EXERCISE BRIEF => Leaving out all pictures, transcribe the lines below exactly, from the first through the line containing "Sweet Egyptian mangos".

[Data excerpts]
○ ○ ○

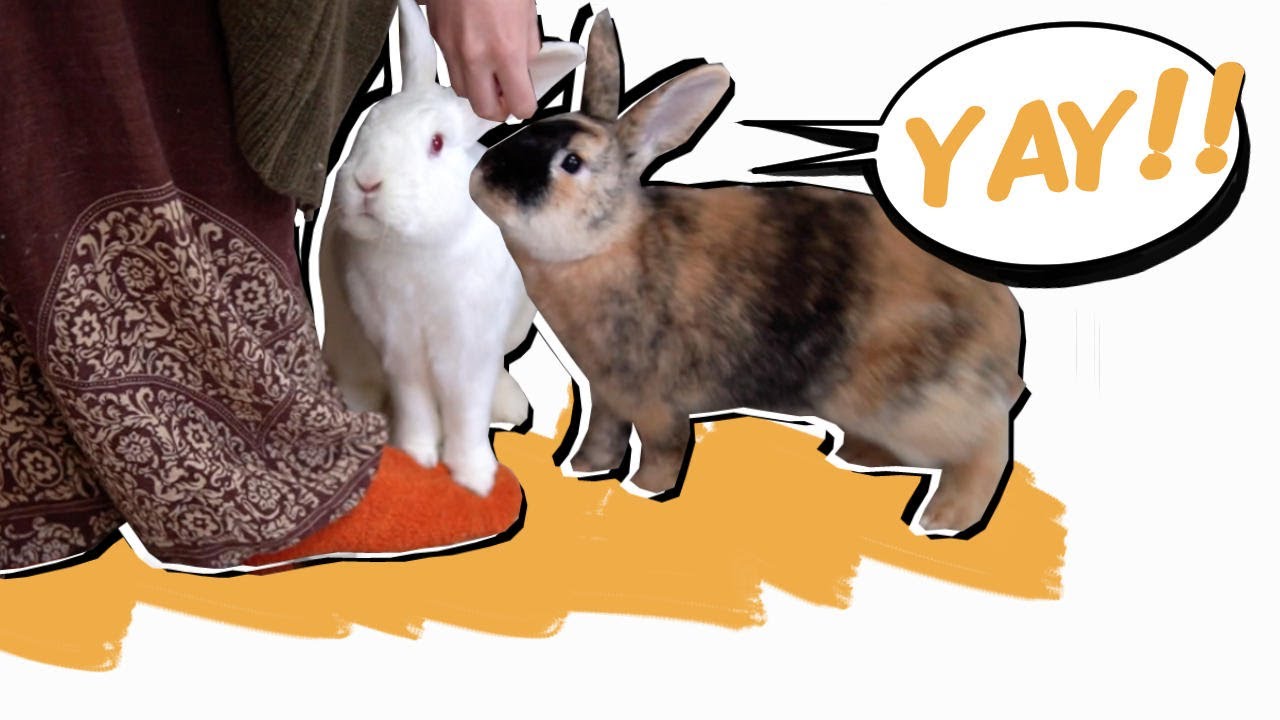 An application scenario or product detail of what do bunnies do when they are happy - Image 12
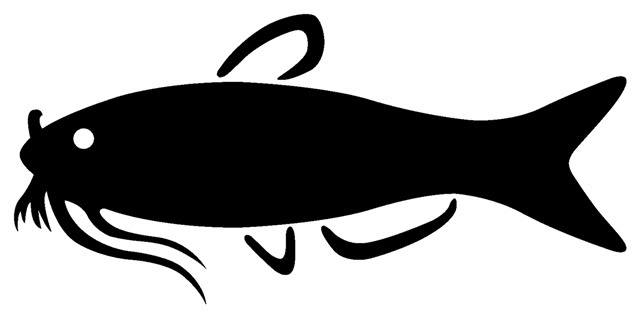 Cartoon catfish clipart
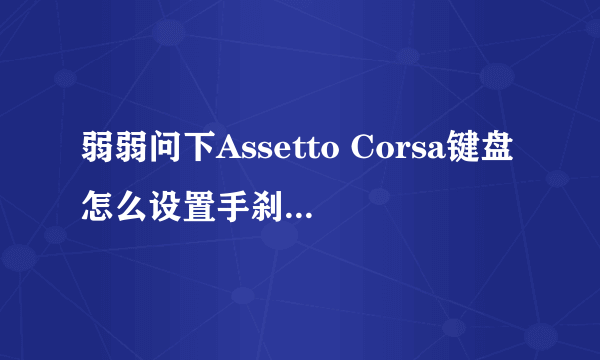 弱弱问下Assetto Corsa键盘怎么设置手刹，没看到有这个设置耶？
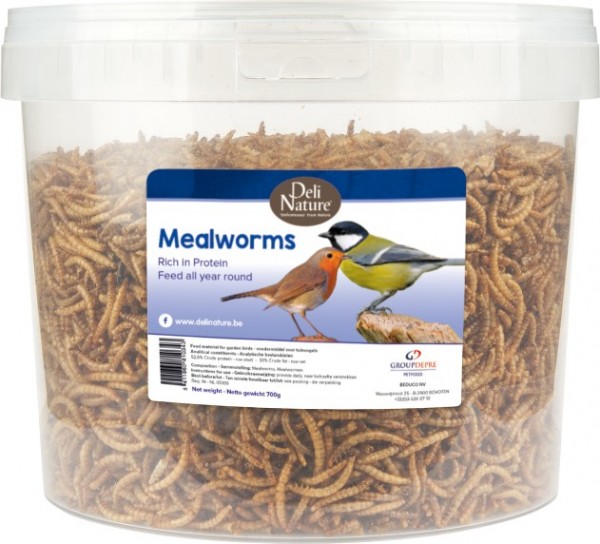 Deli Nature Meelwürmer 700g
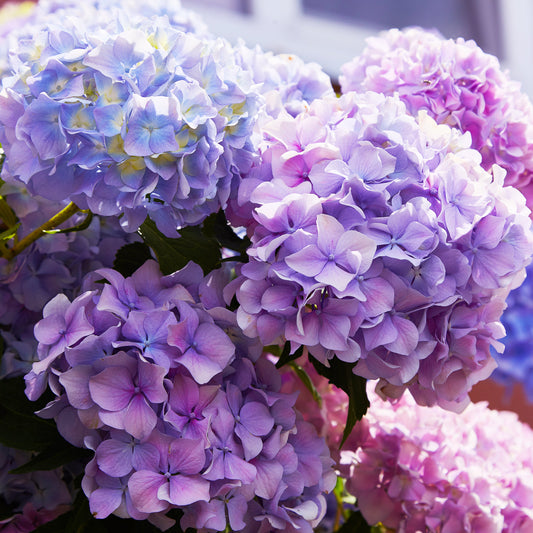 Hydrangea Endless Summer® The Original in the garden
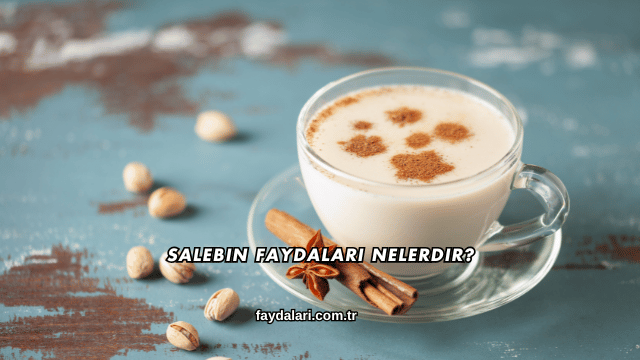 Salebin Faydaları Nelerdir?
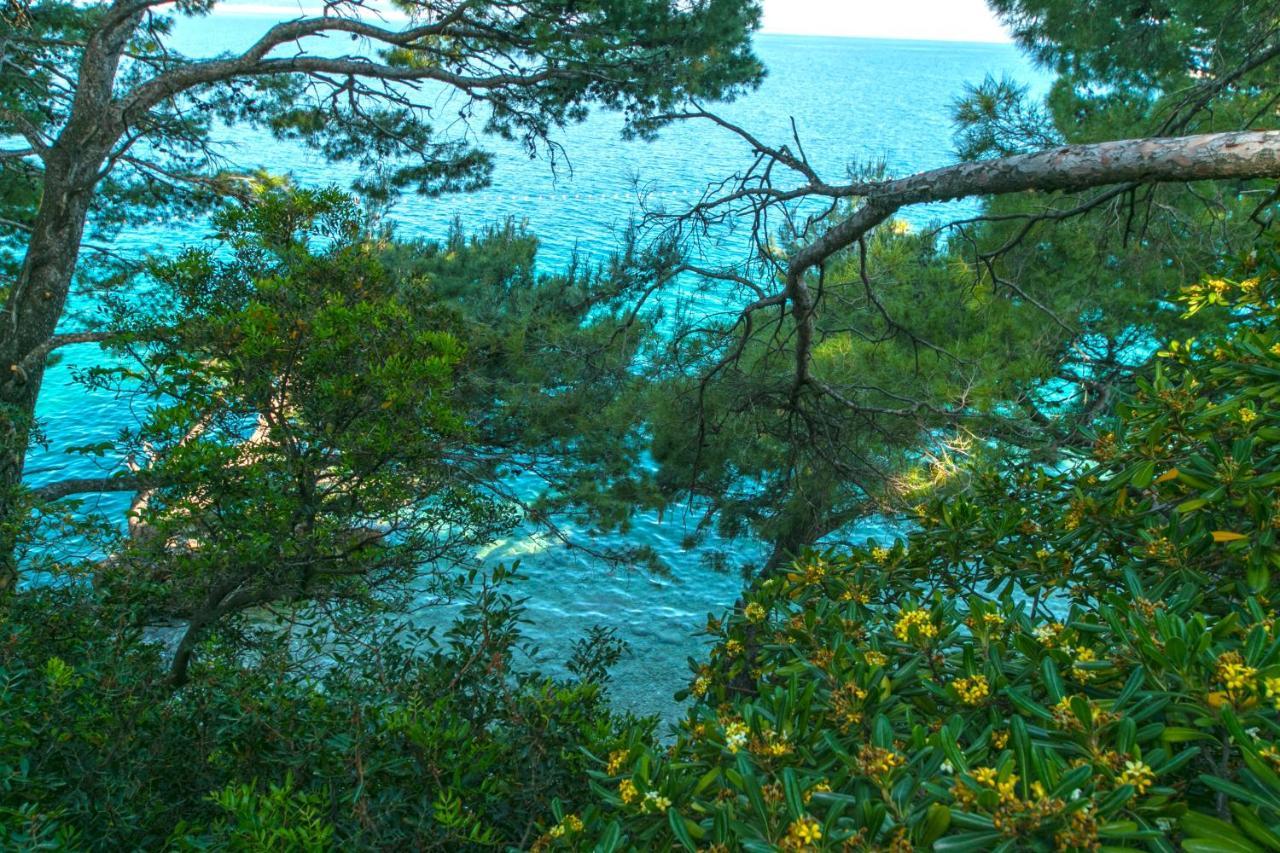 Apartments By The Sea Brela, Makarska - 16950 المظهر الخارجي الصورة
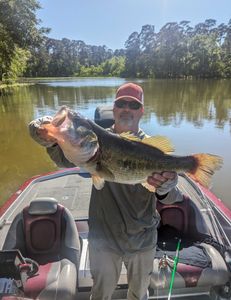 Largemouth Bass caught in TX
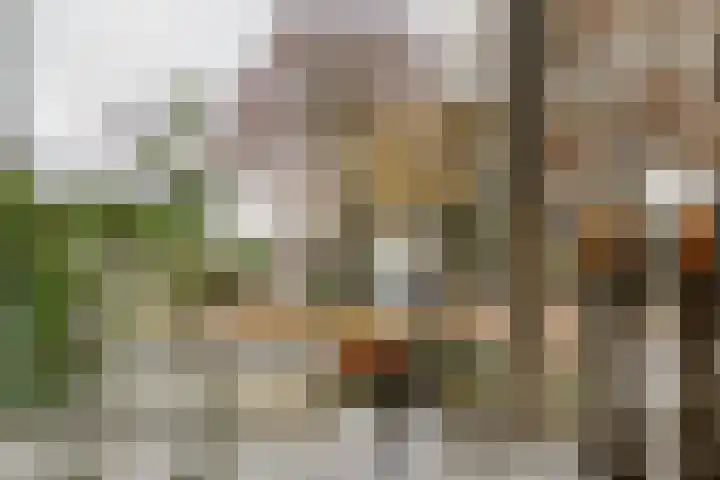 Fie Carelsenstraat 27 Hengelo thumbnail 7
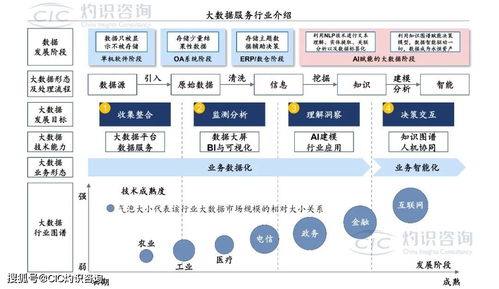 《中國商業大數據服務行業藍皮書》發布 洞見未來，數據賦能社會經濟咨詢新篇章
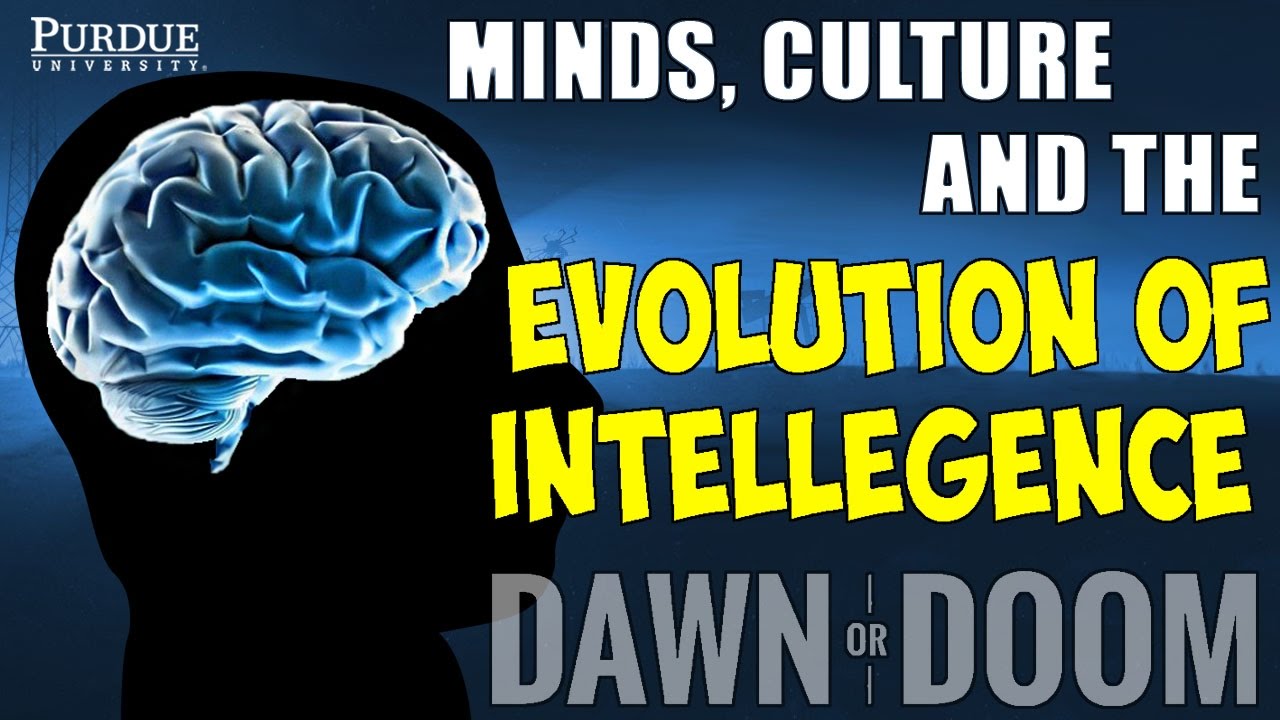 Minds, Culture and the Evolution of Intelligence - Dan Kelly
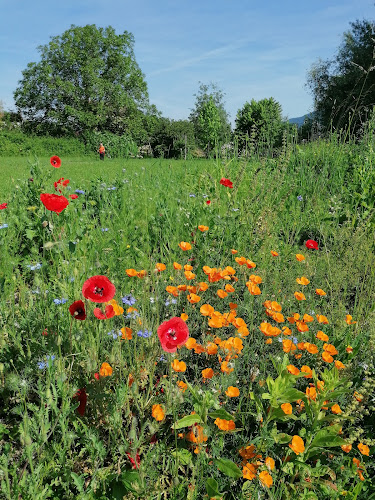 vagabond Garden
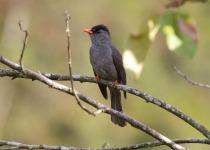 Madagascan Bulbul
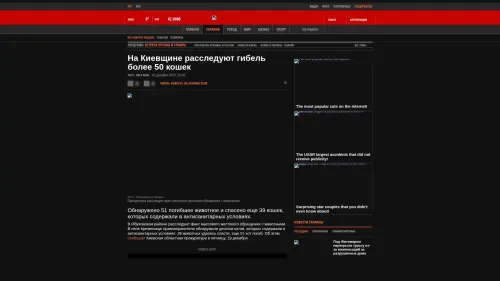 Bildschirmfoto des Originalartikels auf korrespondent.net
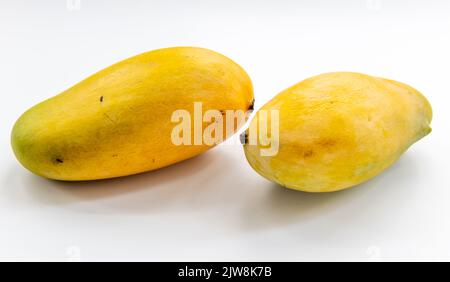 Sweet Egyptian mangos isolated in white background. Stock Photo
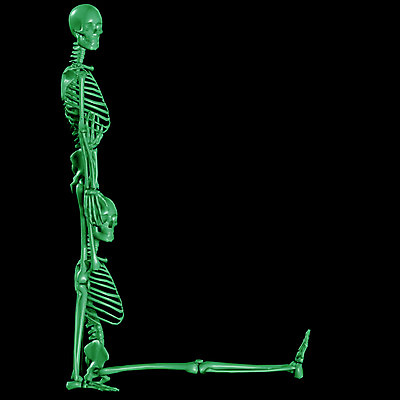 JPG 문자 기호 알파벳 영어 일러스트 의학 뼈 해골 사람없음 컴퓨터그래픽 치료 3D 휴먼 L 국내일러스트 그래픽 디지털합성 파일형식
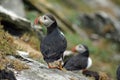 Puffins at the Skellig islands Royalty Free Stock Photo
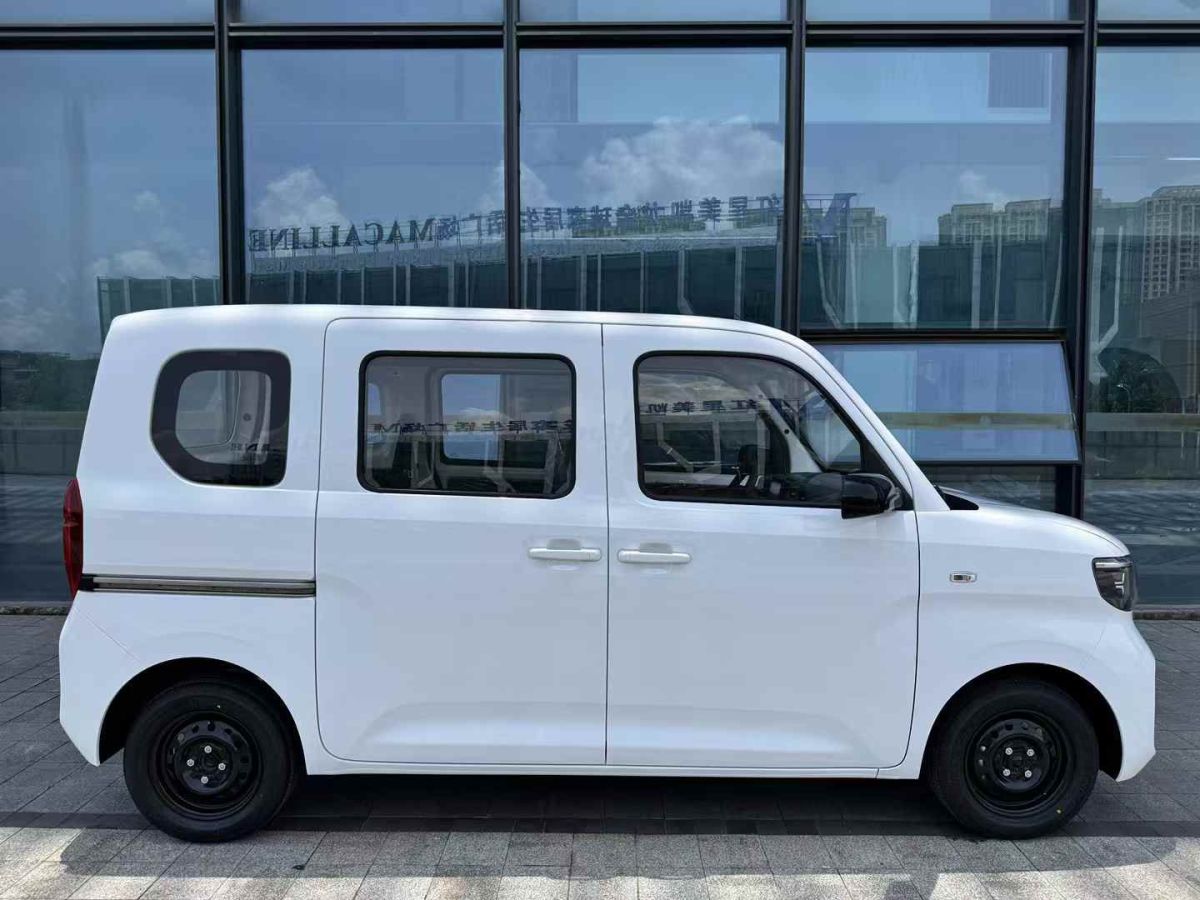 五菱 菱勢(shì)黃金小卡  2025款 倉柵 頂配版圖片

○ ○ ○

EXERCISE SOLUTION =>
 An application scenario or product detail of what do bunnies do when they are happy - Image 12
 Cartoon catfish clipart
 弱弱问下Assetto Corsa键盘怎么设置手刹，没看到有这个设置耶？
 Deli Nature Meelwürmer 700g
 Hydrangea Endless Summer® The Original in the garden
 Salebin Faydaları Nelerdir?
 Apartments By The Sea Brela, Makarska - 16950 المظهر الخارجي الصورة
 Largemouth Bass caught in TX
 Fie Carelsenstraat 27 Hengelo thumbnail 7
 《中國商業大數據服務行業藍皮書》發布 洞見未來，數據賦能社會經濟咨詢新篇章
 Minds, Culture and the Evolution of Intelligence - Dan Kelly
 vagabond Garden
 Madagascan Bulbul
 Bildschirmfoto des Originalartikels auf korrespondent.net
 Sweet Egyptian mangos isolated in white background. Stock Photo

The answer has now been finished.